The Enterprise-only checkpoint
step makes this possible. Simply place a checkpoint at a safe point in your script, after performing some work and before doing something that might fail randomly:
sh './build-and-test' checkpoint 'Completed tests' sh './deploy'
Whenever build-and-test
completes normally, this checkpoint will be recorded as part of the flow build, along with any program state at that point, such as local variables. If deploy
in this build fails (or just behaved differently than you wanted), you can later go back and restart from this checkpoint in this build. (You can use the Checkpoints link in the sidebar of the original build, or the Retry icon in the stage view, mentioned below.) A new flow build (with a fresh number) will be started which skips over all the steps preceding checkpoint
and just runs the remainder of the flow.
Restarted flow builds preserve all program state just as they were left, such as values of variables. But by the time you restore from a checkpoint, your original workspace may have been overwritten with different files from subsequent builds. So if your post-checkpoint steps rely on local files, not just the command you run, you will need to consider how to get those files back to their original condition.

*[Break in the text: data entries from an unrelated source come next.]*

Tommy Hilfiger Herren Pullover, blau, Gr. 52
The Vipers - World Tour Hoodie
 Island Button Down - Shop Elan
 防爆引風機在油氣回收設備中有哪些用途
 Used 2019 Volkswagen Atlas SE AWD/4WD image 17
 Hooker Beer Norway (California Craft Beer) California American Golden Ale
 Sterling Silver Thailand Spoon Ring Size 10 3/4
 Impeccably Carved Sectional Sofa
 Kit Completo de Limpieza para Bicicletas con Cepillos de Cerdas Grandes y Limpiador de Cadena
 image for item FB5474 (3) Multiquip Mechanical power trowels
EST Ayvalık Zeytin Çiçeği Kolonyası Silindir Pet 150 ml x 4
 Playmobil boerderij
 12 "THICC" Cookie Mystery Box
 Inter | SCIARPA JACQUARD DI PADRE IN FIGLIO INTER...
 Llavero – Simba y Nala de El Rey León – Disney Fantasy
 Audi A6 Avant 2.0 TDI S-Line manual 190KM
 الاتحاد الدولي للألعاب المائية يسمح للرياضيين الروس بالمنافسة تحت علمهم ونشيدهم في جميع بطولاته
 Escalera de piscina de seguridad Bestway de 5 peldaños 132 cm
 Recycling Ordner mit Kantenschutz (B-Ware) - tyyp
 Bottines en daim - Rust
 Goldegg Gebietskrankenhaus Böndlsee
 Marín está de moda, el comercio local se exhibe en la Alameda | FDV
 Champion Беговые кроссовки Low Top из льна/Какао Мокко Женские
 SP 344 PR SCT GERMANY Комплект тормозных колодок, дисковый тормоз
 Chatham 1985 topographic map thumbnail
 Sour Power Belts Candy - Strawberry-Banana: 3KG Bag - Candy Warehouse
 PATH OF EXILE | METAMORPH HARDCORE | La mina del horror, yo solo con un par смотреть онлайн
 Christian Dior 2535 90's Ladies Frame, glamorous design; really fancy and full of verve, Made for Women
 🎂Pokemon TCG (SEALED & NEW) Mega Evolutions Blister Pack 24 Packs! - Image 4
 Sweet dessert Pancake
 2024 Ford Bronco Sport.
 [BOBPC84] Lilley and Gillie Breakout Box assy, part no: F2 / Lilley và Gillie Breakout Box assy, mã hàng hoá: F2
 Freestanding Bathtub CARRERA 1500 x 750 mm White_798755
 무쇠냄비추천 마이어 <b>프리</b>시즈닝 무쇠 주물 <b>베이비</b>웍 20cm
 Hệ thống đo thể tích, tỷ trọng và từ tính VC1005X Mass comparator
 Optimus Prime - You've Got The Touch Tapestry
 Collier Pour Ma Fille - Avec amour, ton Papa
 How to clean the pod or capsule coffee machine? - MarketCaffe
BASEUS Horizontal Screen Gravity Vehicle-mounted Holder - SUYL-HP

The safest practice is to keep the checkpoint
step outside of any node
block, so not associated with either a slave or a workspace. Prior to the checkpoint, use the archive
step to save any important files, such as build products. If and when this build is restarted from the checkpoint, all of its artifacts will be copied into the new build first. Thus, you can use the unarchive
step to restore some or all of the archived files into your new workspace. flow.groovy
gives an example of this technique.
Alternately, you could use any other technique to recover the original files. For example, if prior to the checkpoint you uploaded an artifact to a repository manager, and received an identifier or permalink of some kind which you saved in a local variable, after the checkpoint you can retrieve it using the same identifier.
You can have a checkpoint inside a node
block, but this is unlikely to be useful since you cannot rely on the workspace being identical after the restart. You will still need to use one of the above methods to restore the original files. Also note that Jenkins will attempt to grab the same slave and workspace as the original build used, which could fail in the case of transient “cloud” slaves. By contrast, when the checkpoint is outside node
, the post-restart node
can specify a label which can match any available slave.